The collapse in oil prices – almost 60 percent since June – is accompanied by falling in the demand for OPEC oil to its lowest in a decade. In its monthly report, the Organization of the Petroleum Exporting Countries (OPEC) forecast demand for the group’s oil would drop to 28.8 million barrels per day (bpd) in 2015, which is nearly 1 million bpd less than it is currently producing.
“The steep drop in global oil prices could endanger the marginal barrel’s output from unconventional sources,” OPEC said in the report, written by its economists at the group’s Vienna headquarters. Drilling activities is expected to retreat back due to high costs while oil prices are unable to cover such costs
Within OPEC’s, top exporter Saudi Arabia urged fellow members to combat the growth in supply from competing sources including U.S. shale, which needs relatively high prices to be economic and has been eroding OPEC’s market share.
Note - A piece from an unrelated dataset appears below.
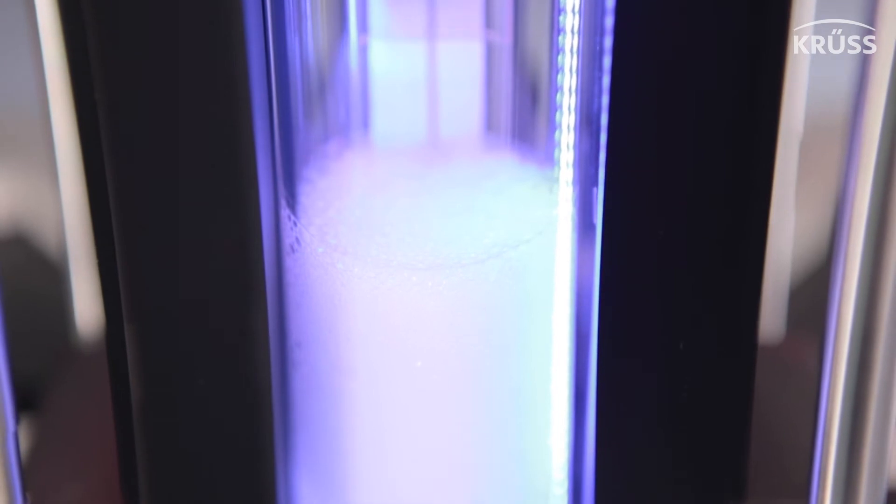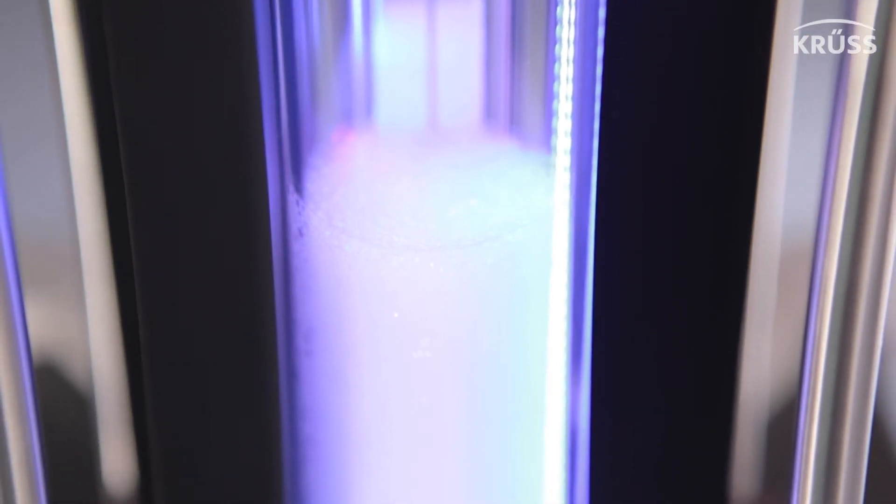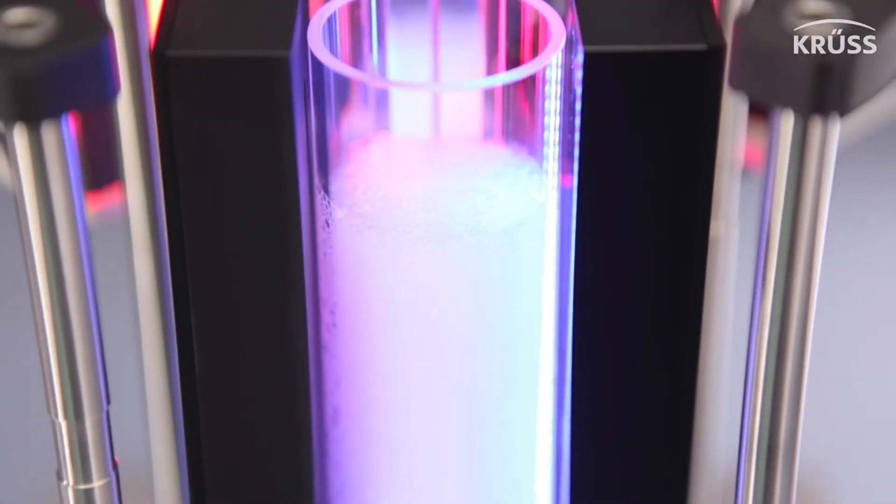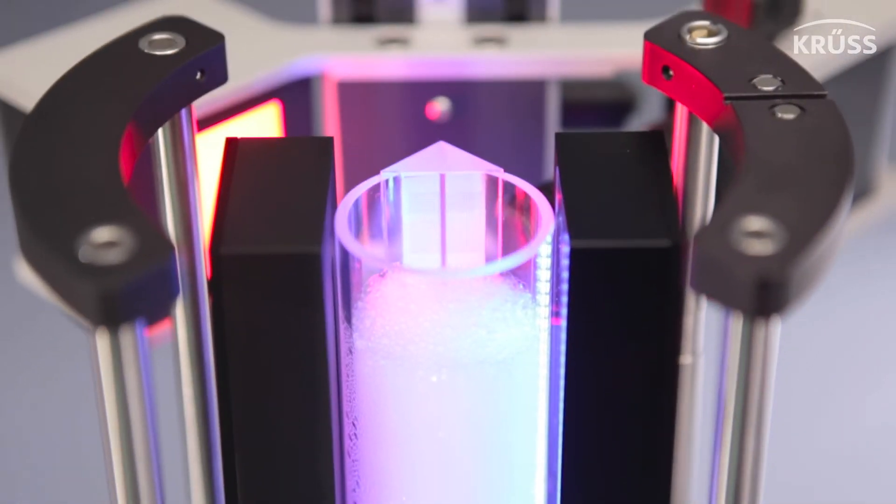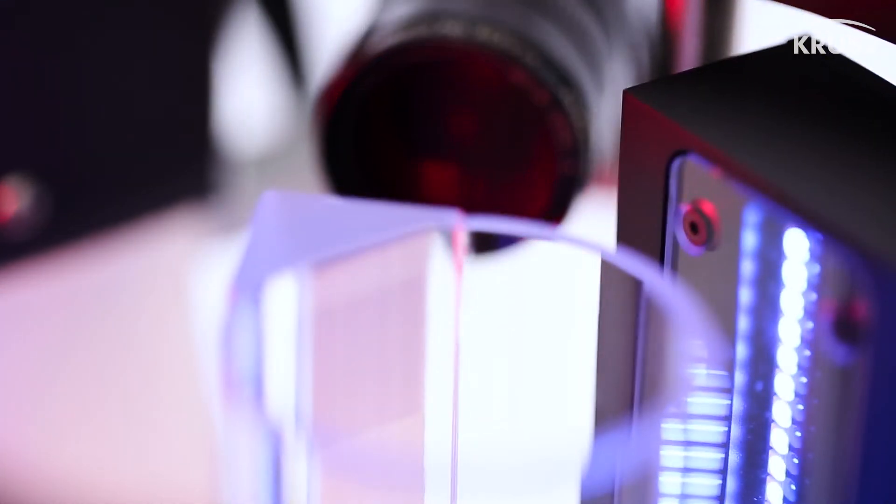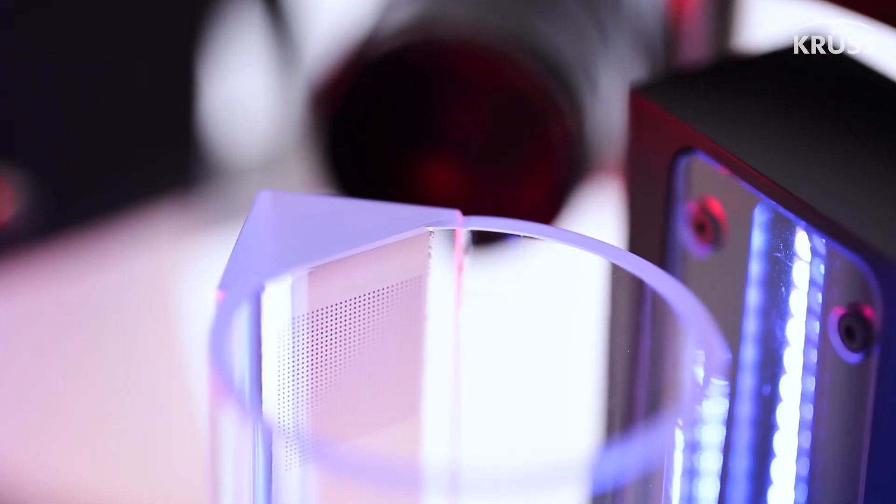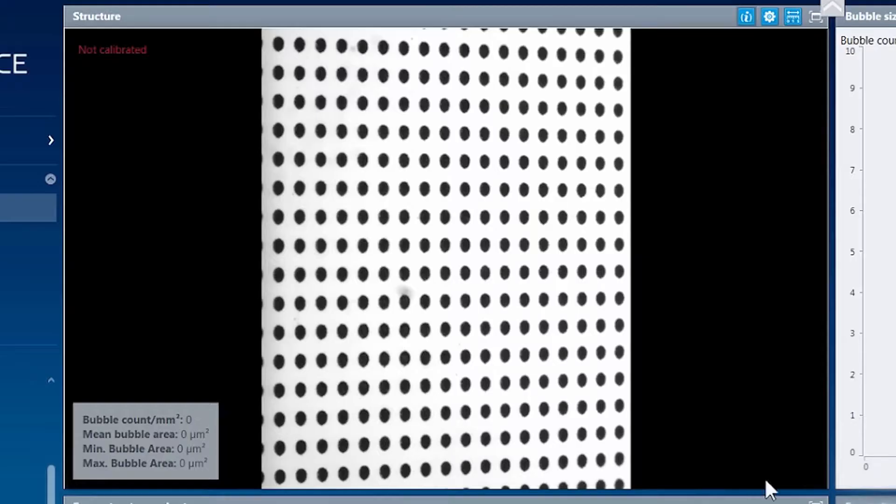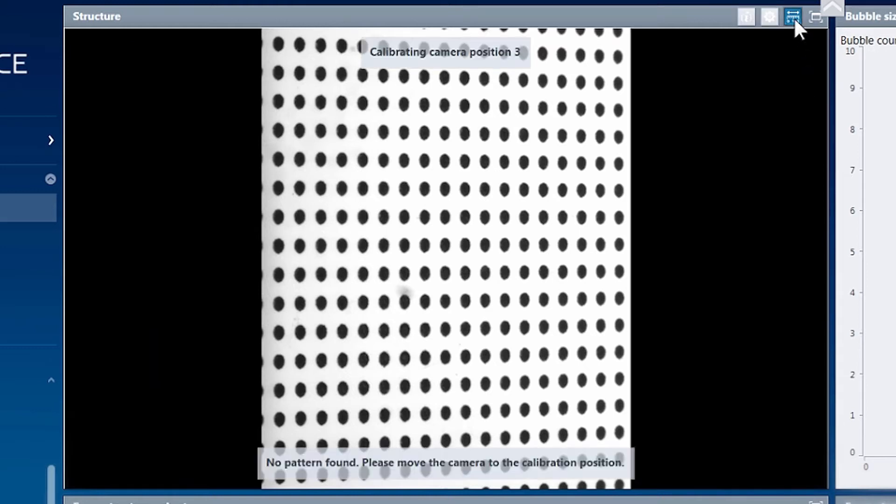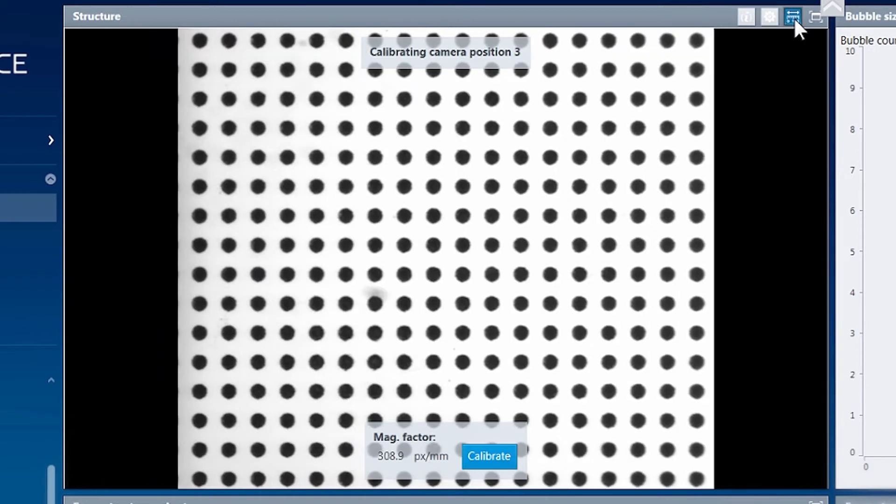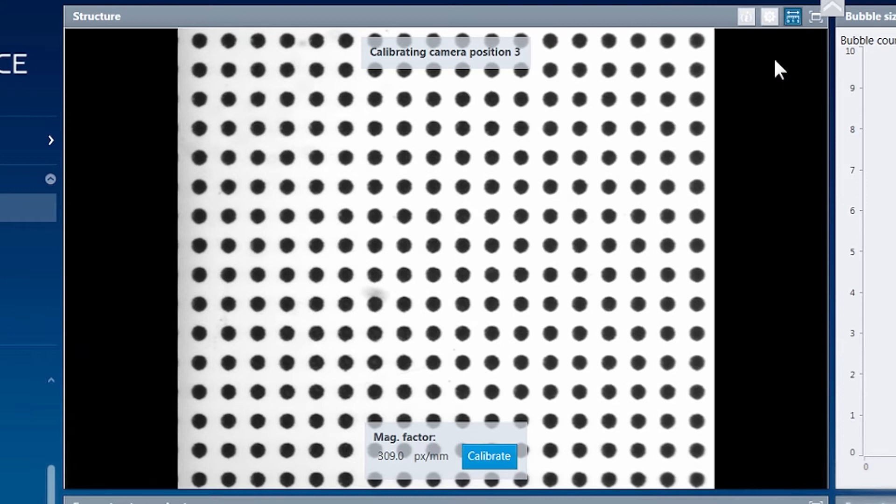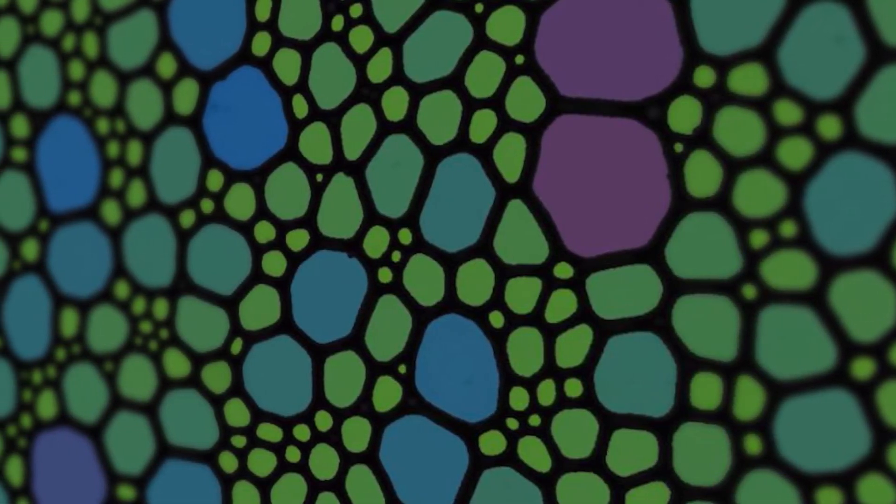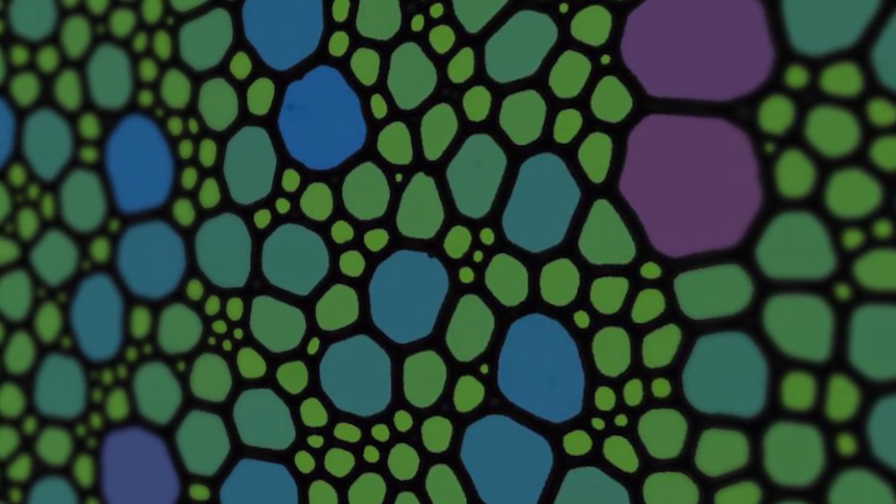To aid in foam structure analysis, our software was designed to work in perfect harmony with our instruments by using the calibration grid, which is lasered onto every prism column of our foam analysis instrument line to precisely calibrate the measurements. This eliminates image distortion and allows highly accurate measurement of the individual foam bubble sizes in absolute values.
United States is still by far the largest contributor to non-OPEC supply expansion.
In the report, OPEC forecast total U.S. oil supply will average 13.8 million bpd in 2015, up 950,000 bpd from 2014. The U.S. government expects domestic oil output in 2016 to grow by only 2.2 percent, the slowest pace in years.
Even so, this year’s average demand for OPEC crude is expected to be the lowest since 28.15 million bpd in 2004.
The lower OPEC demand forecast for 2015, plus a rise in OPEC output led by Iraq, means a larger global supply surplus in 2015, without output cuts by OPEC or other producers.